From trivialities to existential issues, experts are the people who represent the authority over a truth claim. This refers to any topic you are interested in: cooking, yoga, sports, entertainment, politics, or nutrition and mental health issues. What gives them legitimacy is an academic, scientific degree, exposure to the topic, or just great rhetorical skills. Preferably, it would be a scientific method that’s used to gain knowledge on topics where it’s applicable.
Knowledge/Power and/Influence
Experts are the people whom we’ve grown to trust or distrust. And indeed, it is this media space of distrust where the position of competing experts is created. Upon a closer look, the majority of the experts we mentioned are not really legitimate experts—they just fulfill the role of the “expert” in the media space. This is a transition where experts are transformed into “the experts”—the media sign value.
In the media discourse, “expert” serves as a function in a narrative as a presupposed point of validity for information. A great example is Dr. Phil, no longer a practicing or licensed doctor, presenting psychological advice as entertainment, a disclaimer you might have heard online too. Nothing more fun than seeking psychological advice.
Over time this ability to represent (sign value) became more or just as important as an ability to share relevant information (use value). Inside the media logic, “expert” is used for its sign values, as if mentioning that something is “as confirmed by psychologists” is automatically valid. These are the simulacra of experts, and by extension, simulacra of science too. The value is determined within the attention economy, measurable by the metrics of influence.
Precisely because the media only simulates experts, we get situations where discussing a flat Earth is just as valid as discussing financing for CERN, where 2 days of “doing my own research” on COVID is just as valid as studying microbiology and working within the field.
As there is also a huge demand for mental health solutions (and we obviously don’t have societies that can foster better support), we also have a number of self-proclaimed psychotherapists, gurus, life coaches, etc., some of whom are really doing their best and a great job. Some of them offer the most toxic, harmful-in-every-way solutions.
Conclusion
The position of an expert is important in any social formation: those are the people we trust and seek to lead us. They’re also found in every aspect of our lives, and their position, along with what they’re saying, is heavily influenced by society's power relationships and how knowledge shaped those powers.

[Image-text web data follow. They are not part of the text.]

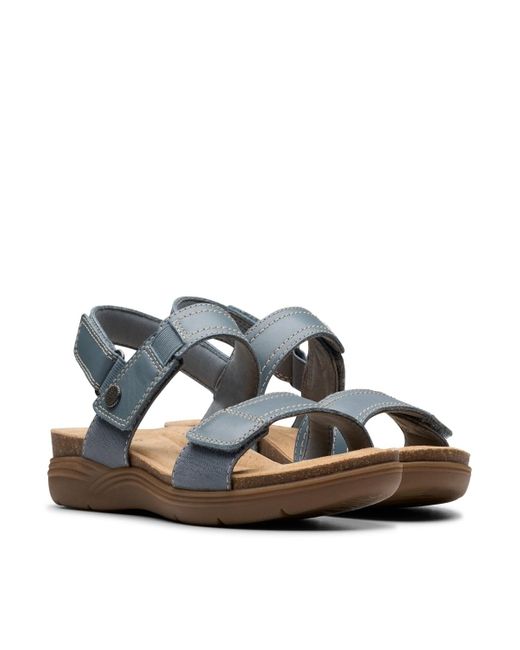 Clarks Multicolor Collection April Clover Riptape Flat Sandals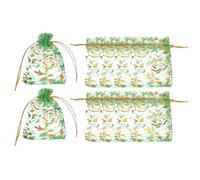 PATIKIL Bolsas De Organza 50 Pcs 7 X 9 Cm Fundas De Dulces De Malla con Cordón Bolsas De Regalo De Joyería De Rosas Doradas para Boda Navidad Fiesta Suministros De Maquillaje Verde Dorado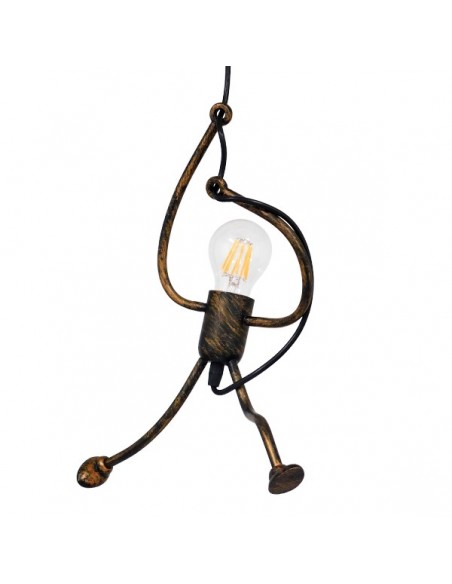 GloboStar® LITTLE MAN 01653 Μοντέρνο Κρεμαστό Φωτιστικό Οροφής Μονόφωτο 1 x E27 Καφέ Σκουριά Μεταλλικό Φ20 x Υ40cm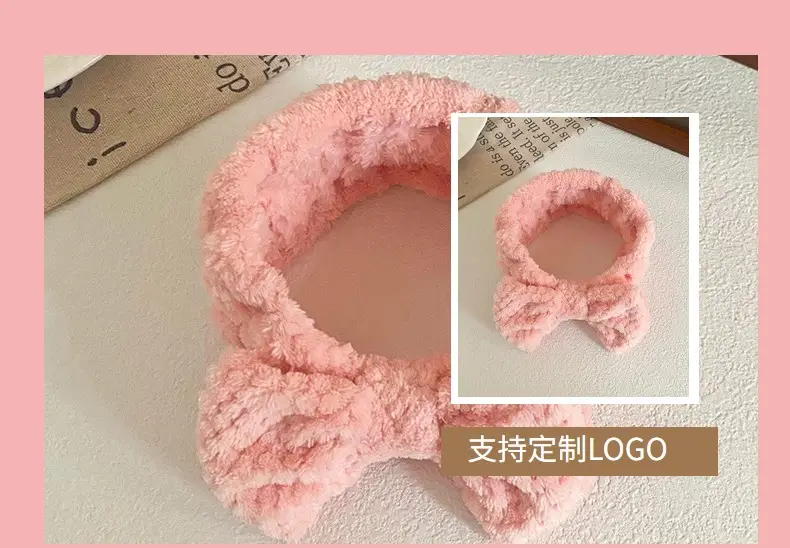 Pink Bow Headband for Women Soft Plush Hair Accessory — feature 18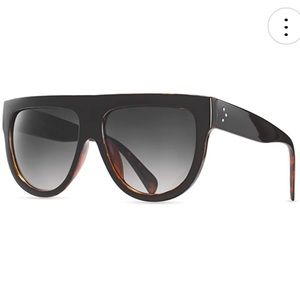 Trendy oversized  flat top sunglasses
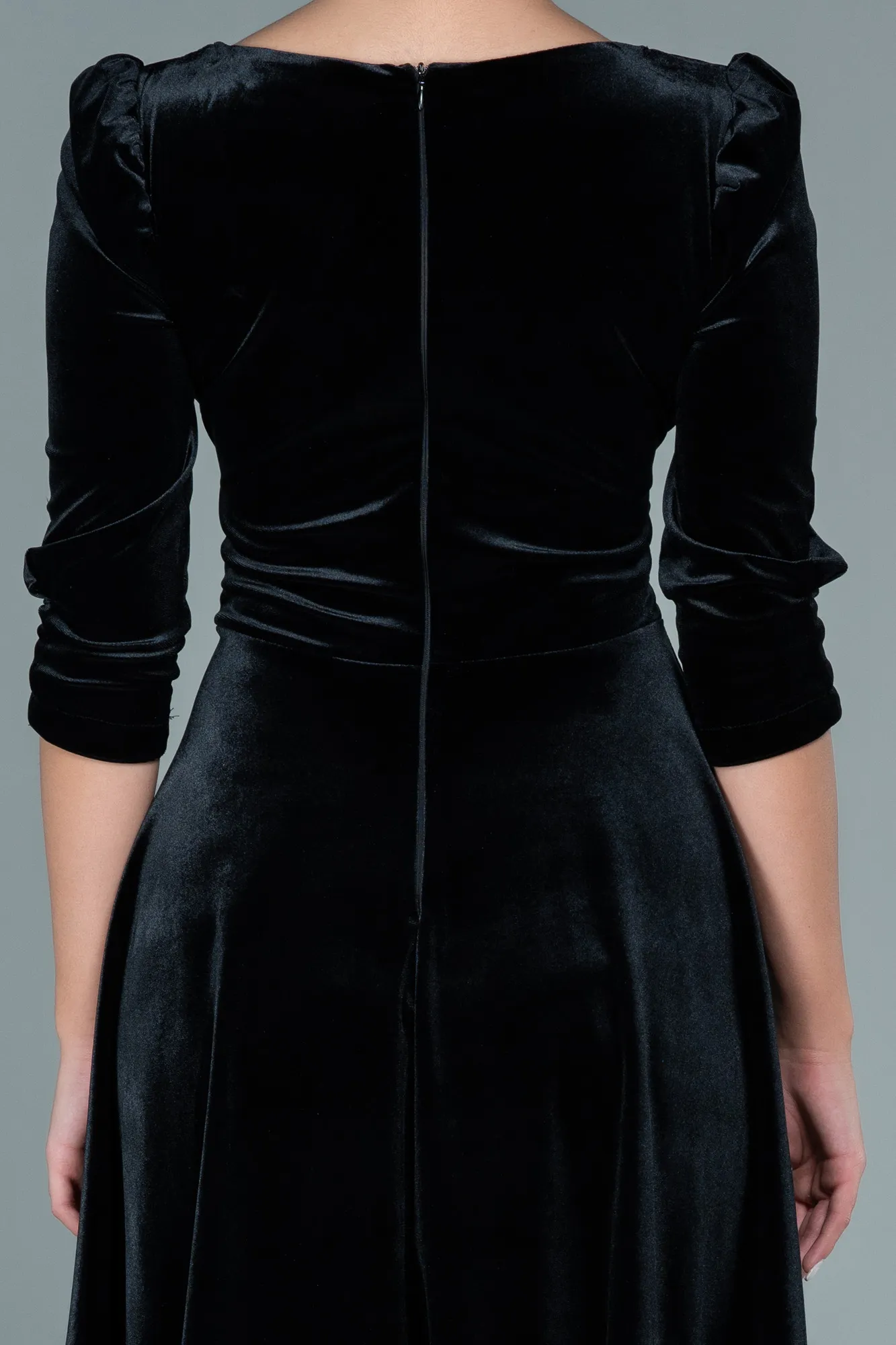 Black-Short Velvet Invitation Dress ABK1514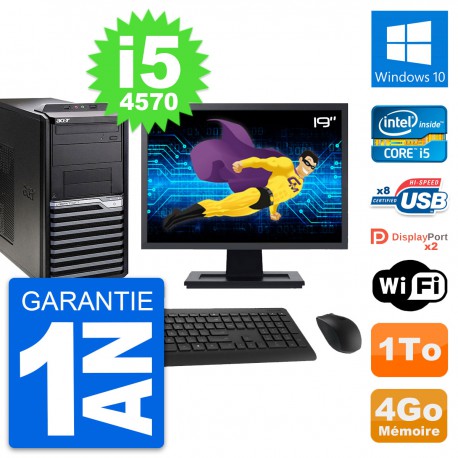PC Tour Acer M4630G Ecran 19" Intel i5-4570 RAM 4Go Disque 1To Windows 10 Wifi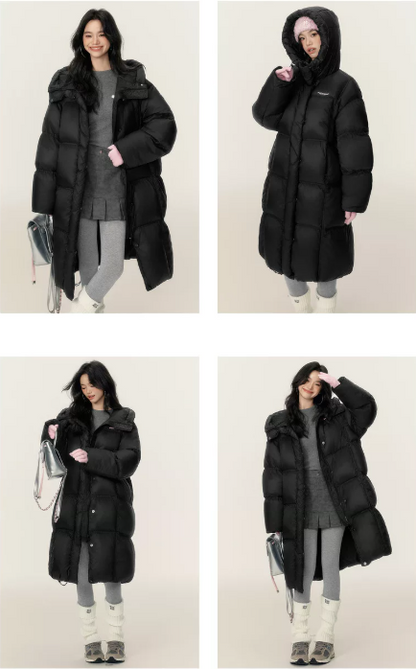 EPTISON - Jet Black Long 90% White Duck Down Puffer Coat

But if knowledge is no longer an equal factor, and the expert’s value is determined by attention economy metrics, we can start to understand several tendencies of the contemporary internet:
- Distrust is not just an expected sentiment but a desirable norm for the attention economy.

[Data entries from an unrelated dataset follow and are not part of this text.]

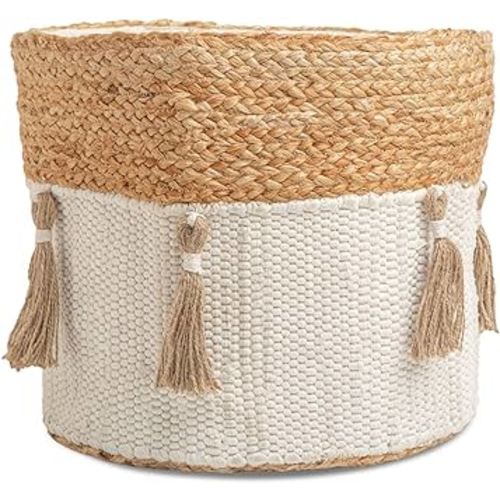 Crane Baby Fabric Storage Bin for Nursery and Toddlers, Toy Storage for Boys and Girls, Cream and Beige, 13" w x 12" h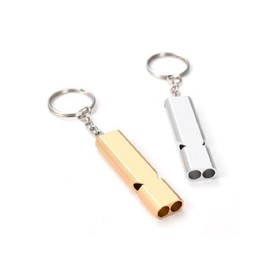 Outdoor Emergency Whistle with Keychain Safety Survival for Camping Boating Kayaking Rescue Signaling Loud Survival Whistle (Gold/Sliver, 2 Pack)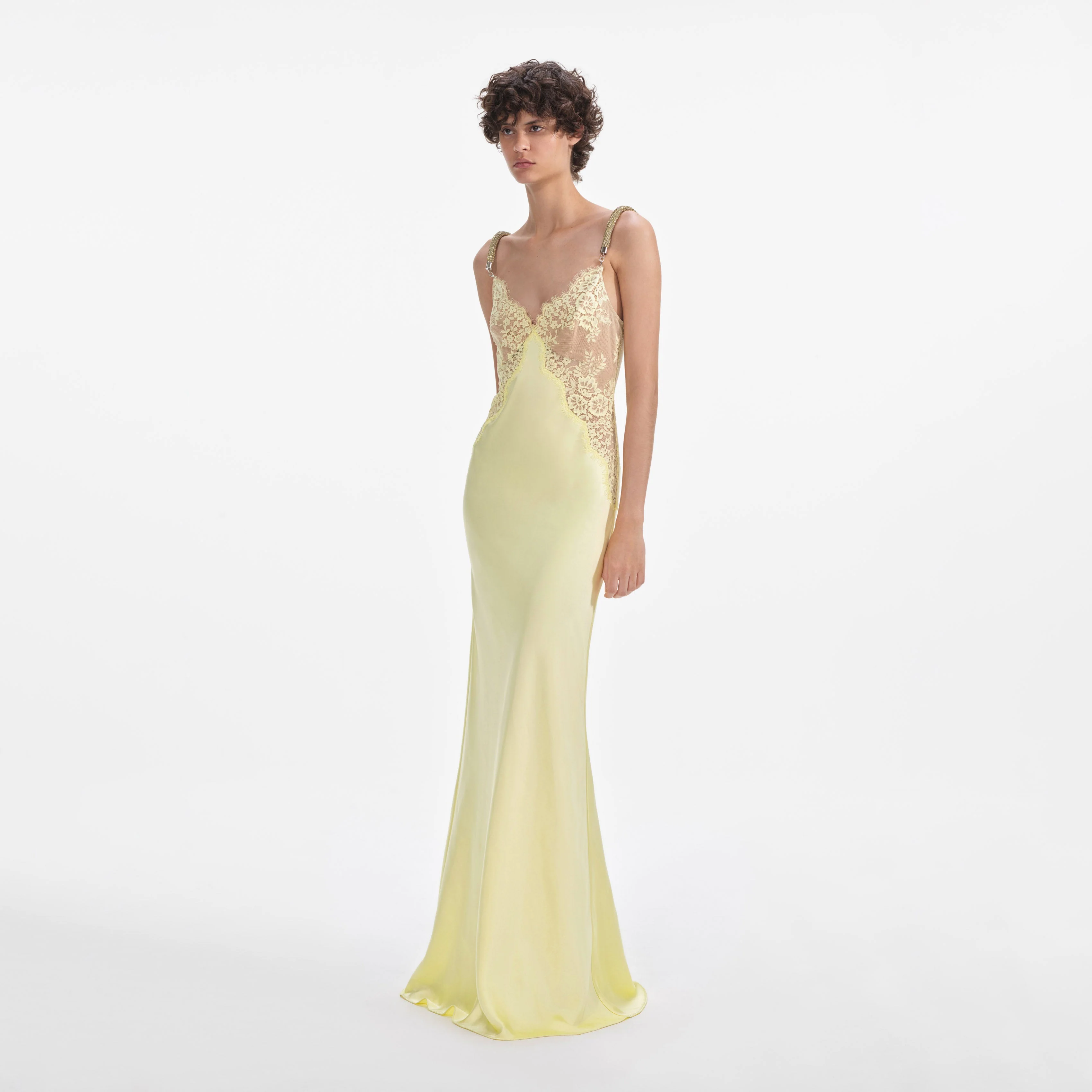 Yellow Lace Satin Maxi Dress - Image 2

Distrust towards (scientific) authorities creates a need for alternatives (which is not bad in itself, but is bad when the alternative is pseudoscience). These alternatives have their own public and provide great engagement value.
- “Experts” on various topics are preferably great content creators, not necessarily subject matter experts. This is what leads to deterioration of trust towards the media and the experts. Scientific method should not be a matter of belief, but using the name and authority of science for biased content delivery is what leaves the science at a difficult position right now.